In Florida, DeSantis’ attacks on money managers and securities underwriters who oppose fossil fuels, voter suppression, and the criminalizing of reproductive rights as part of their investment strategies are poisoning the market for AAA rated Florida debt. Without the liquidity that comes from a robust group of underwriters, Florida now pays 43 basis points more in yield (or $4.3 million for every $1 billion of bonds sold) than California, which has a AA rating. That’s only 0.35% more than prior to 2022, but when billions in public borrowing is involved, that small difference can cost the state’s taxpayers tens if not hundreds of millions of dollars in higher borrowing costs. Way to go, Ron.
The War On Woke
Bloomberg contributor Stephen Carter explains the origin of the word “woke.” Originally, he says, it was a watchword for Black Americans derived from a Mississippi Delta blues song warning euphemistically of labor exploitation in the early 20th century mills. These southern states, where racist laws prevailed 50 years ago, now prohibit the biggest Wall Street banks from arranging and selling their new bond offerings because they are “woke.” The result is public financing projects often get assigned to smaller firms that may not have the resources or reach to ensure borrowers are getting the lowest possible borrowing costs.
We often hear reactionaries bleating about the horrors of socialism. Winkler writes that if socialism means state control of production, distribution, and exchange of goods and services, then Florida and Texas are socialist states. Not California, whose embrace of ESG and free markets has allowed it to borrow more cheaply than Florida and Texas even though it has lower credit ratings. Superior demand makes California debt the outstanding performer among the three largest US states.
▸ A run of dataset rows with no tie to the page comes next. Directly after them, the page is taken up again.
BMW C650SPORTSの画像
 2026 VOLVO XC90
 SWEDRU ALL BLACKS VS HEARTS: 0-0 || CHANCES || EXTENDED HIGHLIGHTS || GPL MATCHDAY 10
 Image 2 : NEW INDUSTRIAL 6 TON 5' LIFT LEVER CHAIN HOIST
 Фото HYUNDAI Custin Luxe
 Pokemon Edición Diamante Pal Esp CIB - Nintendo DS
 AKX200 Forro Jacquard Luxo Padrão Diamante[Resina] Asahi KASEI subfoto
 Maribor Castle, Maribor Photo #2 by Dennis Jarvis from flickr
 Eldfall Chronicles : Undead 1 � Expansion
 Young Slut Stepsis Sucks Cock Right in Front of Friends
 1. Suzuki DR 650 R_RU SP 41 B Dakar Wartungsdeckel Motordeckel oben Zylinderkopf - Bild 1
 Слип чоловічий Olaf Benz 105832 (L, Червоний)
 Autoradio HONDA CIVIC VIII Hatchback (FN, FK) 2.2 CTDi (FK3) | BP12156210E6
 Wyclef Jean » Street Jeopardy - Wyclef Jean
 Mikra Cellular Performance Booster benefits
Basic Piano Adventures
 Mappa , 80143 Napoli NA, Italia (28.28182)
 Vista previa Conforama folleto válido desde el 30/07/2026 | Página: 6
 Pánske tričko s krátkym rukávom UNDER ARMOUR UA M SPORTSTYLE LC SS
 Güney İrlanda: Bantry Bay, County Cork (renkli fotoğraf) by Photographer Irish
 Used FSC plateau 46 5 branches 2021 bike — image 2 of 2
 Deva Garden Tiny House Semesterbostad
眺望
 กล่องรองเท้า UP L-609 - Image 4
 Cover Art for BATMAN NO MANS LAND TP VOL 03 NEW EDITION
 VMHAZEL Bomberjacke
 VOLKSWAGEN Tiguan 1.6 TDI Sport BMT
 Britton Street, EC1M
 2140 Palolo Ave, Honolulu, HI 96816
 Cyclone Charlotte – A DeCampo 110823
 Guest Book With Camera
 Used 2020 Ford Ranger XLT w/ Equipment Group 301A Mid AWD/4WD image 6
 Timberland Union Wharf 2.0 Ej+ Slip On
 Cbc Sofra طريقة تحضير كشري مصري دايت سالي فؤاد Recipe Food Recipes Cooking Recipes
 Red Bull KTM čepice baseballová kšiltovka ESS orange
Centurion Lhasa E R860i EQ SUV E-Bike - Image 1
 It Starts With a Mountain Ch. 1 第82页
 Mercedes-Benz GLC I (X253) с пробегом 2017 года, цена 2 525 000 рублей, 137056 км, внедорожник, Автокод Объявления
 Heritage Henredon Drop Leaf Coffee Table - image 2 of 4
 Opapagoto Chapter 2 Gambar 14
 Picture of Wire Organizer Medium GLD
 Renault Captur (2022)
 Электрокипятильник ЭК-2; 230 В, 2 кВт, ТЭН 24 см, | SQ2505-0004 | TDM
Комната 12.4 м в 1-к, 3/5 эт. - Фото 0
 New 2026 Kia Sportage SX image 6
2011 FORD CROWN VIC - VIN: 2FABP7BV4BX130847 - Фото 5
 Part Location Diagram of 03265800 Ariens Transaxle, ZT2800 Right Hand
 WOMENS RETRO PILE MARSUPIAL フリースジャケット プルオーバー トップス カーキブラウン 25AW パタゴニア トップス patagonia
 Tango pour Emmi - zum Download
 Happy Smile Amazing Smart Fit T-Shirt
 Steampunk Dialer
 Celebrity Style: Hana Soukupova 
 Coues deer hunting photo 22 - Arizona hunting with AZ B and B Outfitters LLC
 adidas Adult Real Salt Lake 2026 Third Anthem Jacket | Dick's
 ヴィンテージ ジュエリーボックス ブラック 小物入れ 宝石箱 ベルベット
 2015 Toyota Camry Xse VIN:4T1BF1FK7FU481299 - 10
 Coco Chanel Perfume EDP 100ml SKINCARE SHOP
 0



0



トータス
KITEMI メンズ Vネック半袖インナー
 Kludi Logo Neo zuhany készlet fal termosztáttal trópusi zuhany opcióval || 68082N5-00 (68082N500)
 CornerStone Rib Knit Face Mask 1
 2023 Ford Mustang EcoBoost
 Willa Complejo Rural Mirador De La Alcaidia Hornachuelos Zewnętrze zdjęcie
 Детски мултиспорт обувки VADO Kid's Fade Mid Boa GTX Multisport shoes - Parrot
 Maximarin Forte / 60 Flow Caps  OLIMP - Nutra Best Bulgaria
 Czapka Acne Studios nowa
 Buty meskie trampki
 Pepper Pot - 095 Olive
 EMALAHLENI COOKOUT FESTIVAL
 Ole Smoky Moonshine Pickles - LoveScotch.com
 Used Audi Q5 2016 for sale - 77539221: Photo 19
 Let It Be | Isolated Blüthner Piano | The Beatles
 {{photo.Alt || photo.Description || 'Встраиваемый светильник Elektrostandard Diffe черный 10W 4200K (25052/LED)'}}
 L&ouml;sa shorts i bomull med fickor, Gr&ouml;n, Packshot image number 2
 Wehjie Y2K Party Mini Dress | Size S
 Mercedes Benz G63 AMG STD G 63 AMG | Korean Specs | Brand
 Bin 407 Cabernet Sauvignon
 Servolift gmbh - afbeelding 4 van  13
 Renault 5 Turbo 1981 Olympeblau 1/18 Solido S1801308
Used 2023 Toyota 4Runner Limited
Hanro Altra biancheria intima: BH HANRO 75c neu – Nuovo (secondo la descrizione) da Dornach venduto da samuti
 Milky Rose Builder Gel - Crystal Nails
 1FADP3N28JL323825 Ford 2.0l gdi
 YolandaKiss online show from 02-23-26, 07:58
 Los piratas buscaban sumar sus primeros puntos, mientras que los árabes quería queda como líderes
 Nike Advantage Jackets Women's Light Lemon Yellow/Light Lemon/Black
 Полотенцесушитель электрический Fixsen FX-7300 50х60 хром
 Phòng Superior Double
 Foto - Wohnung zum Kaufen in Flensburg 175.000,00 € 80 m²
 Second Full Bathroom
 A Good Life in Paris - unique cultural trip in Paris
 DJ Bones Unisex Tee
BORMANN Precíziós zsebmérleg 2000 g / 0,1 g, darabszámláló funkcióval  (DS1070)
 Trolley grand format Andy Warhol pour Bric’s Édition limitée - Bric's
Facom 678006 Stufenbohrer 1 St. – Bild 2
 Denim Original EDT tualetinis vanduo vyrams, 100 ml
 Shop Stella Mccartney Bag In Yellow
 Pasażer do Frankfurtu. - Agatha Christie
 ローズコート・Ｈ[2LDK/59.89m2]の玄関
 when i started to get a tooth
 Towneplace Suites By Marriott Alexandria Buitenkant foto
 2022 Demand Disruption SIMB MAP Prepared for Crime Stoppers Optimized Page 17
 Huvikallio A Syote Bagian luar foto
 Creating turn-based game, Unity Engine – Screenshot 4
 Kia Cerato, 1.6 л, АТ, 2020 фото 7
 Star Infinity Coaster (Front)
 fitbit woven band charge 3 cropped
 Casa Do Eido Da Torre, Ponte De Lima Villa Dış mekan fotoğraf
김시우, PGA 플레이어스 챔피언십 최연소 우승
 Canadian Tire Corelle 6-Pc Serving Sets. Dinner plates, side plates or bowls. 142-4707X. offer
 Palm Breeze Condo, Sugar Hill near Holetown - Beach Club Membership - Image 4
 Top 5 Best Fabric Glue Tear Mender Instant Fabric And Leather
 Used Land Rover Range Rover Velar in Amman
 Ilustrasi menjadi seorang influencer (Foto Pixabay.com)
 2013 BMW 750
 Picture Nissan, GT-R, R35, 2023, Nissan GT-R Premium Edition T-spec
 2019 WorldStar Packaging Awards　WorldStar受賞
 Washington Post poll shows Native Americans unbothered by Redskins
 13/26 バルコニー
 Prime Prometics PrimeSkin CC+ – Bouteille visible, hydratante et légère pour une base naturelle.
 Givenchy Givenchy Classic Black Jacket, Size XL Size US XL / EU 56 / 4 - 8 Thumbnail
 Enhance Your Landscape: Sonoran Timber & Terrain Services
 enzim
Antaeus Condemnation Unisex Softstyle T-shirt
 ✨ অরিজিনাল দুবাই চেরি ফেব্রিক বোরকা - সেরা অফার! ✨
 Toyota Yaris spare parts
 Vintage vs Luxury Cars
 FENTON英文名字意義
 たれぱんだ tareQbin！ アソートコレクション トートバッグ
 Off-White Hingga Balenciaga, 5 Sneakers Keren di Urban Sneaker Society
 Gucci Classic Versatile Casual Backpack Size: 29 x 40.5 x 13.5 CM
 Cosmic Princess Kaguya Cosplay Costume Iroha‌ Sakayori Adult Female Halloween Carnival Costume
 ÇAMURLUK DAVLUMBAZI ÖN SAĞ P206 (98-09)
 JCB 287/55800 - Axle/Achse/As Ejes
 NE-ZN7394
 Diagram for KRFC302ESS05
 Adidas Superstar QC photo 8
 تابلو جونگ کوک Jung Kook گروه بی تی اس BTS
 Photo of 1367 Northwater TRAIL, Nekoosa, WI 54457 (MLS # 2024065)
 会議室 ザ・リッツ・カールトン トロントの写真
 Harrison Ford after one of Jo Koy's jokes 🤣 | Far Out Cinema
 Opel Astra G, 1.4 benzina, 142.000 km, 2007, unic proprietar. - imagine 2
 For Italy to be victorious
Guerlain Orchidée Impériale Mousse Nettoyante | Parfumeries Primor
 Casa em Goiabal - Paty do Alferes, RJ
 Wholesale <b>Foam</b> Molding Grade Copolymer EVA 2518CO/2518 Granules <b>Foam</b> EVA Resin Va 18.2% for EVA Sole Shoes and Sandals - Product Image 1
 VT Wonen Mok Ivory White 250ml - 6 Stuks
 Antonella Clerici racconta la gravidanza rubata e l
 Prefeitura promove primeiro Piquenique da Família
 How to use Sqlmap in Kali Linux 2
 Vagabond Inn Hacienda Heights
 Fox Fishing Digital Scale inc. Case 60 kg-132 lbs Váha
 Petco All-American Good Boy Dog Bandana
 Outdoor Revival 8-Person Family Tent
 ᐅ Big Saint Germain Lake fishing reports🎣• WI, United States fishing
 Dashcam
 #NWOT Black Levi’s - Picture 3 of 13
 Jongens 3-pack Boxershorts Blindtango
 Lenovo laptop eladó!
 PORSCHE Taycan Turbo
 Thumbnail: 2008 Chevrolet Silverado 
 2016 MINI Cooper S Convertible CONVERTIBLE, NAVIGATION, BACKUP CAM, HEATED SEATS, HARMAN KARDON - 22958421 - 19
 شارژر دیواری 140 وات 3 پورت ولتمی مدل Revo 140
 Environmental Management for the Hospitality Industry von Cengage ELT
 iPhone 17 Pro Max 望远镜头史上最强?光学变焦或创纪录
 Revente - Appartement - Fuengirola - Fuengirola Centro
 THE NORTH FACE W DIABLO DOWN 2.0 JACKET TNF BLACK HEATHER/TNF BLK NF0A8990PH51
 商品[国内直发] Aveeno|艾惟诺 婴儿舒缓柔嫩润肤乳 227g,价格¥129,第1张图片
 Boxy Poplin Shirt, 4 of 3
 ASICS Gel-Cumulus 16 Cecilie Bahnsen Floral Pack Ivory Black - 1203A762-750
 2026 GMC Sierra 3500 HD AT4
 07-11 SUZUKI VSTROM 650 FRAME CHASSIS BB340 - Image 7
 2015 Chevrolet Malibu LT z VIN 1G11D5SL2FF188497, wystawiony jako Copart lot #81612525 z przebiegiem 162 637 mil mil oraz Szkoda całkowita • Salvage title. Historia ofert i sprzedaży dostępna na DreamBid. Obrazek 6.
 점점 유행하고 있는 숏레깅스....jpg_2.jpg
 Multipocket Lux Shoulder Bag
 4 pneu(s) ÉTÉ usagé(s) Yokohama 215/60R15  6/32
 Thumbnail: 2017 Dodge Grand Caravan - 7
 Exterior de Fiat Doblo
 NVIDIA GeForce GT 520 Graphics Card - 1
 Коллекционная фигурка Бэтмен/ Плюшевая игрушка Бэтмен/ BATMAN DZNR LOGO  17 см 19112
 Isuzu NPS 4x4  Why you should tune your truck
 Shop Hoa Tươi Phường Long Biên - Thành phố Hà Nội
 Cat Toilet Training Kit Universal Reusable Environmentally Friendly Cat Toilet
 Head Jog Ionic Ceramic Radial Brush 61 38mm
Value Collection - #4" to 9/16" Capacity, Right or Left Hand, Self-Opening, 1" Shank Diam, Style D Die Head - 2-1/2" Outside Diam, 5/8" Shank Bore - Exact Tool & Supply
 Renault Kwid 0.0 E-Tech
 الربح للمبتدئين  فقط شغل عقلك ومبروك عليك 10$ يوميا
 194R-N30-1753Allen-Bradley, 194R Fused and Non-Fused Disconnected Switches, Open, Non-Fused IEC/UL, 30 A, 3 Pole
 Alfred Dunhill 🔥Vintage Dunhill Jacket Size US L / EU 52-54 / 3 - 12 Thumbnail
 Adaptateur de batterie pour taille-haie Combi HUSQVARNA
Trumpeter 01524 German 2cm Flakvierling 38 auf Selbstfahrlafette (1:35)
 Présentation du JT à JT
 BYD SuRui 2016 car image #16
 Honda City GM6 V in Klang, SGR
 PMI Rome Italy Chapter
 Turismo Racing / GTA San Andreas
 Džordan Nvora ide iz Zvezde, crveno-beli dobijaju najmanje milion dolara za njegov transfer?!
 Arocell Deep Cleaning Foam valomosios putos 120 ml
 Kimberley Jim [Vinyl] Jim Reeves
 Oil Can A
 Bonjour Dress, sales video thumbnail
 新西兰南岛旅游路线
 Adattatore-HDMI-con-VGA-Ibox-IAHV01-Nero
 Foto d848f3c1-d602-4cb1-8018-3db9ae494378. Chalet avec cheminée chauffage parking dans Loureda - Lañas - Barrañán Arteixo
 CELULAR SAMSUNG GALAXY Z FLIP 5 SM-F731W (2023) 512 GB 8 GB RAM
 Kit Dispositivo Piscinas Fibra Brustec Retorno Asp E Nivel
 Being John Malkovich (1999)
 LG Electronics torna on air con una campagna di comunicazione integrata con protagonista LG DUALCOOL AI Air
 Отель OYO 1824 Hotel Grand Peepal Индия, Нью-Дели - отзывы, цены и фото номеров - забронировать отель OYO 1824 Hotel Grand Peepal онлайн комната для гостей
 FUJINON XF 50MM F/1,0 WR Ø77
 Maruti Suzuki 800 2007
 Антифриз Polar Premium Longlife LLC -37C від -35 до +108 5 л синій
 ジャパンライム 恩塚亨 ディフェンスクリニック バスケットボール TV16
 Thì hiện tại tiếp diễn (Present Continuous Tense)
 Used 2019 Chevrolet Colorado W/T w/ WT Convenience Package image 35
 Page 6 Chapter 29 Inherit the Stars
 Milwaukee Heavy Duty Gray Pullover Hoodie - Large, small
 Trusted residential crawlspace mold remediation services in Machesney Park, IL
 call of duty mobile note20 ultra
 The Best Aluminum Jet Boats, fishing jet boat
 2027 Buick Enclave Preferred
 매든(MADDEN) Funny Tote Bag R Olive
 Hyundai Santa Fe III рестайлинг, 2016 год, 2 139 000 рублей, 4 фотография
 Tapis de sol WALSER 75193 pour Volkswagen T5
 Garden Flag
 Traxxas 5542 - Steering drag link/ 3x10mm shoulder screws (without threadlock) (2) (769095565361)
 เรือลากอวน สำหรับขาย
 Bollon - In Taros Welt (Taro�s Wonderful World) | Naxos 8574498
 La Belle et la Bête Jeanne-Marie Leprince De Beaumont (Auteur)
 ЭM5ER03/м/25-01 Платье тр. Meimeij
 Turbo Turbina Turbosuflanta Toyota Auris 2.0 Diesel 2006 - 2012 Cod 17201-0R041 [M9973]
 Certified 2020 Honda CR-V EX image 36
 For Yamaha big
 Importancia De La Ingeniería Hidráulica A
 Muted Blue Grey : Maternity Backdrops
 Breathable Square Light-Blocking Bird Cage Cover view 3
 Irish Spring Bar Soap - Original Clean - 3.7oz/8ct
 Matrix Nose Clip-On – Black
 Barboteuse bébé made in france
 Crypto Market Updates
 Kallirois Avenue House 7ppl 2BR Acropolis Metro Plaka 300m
JPMorgan Chase has 25,500 employees in Texas, but has been barred from doing business with the state because of its support for gun safety regulations and alternative energy. It contributed more than $17.5 million to nonprofit workforce readiness programs, community development, and neighborhood revitalization in 2019 and continues to expand its main Austin, Dallas, Houston, and San Antonio workforce at 130 Texas locations throughout the state.
Citigroup and Goldman Sachs have also been banned. Together with JPMorgan, they managed $540 billion worth of municipal offerings during the past five years. That represents 25% of the market for new issues according to data compiled by Bloomberg. On average, they charged a fee of 0.38% on those bond offerings, which is 0.11 percentage points lower than the average for the other 145 underwriters who provide similar services.
How deliciously ironic that states that scream the loudest about socialism are in fact using state control over the companies who do business within their borders to advance their political agendas, all of which pander to the basest instincts of humanity. This is an unforced error that is costing their citizens untold millions of dollars in a quest for absolute, unfettered political power.
Conventional wisdom says money is the thing that motivates people the most. Others say it is sex. But the truth is the unquenchable thirst for power overrides both greed and lust by a wide margin. It makes people violate their own best interests to gain a smidgen more power. More than anything else, the thirst for power — which basically comes down to the ability to dictate what others are allowed to think, say, and do — will be the one thing that makes it impossible for humans to address the challenge of a warming planet in any meaningful way.
We’ve reached out to Governor DeSantis and Governor Abbott regarding these matters. We will update this article if they respond.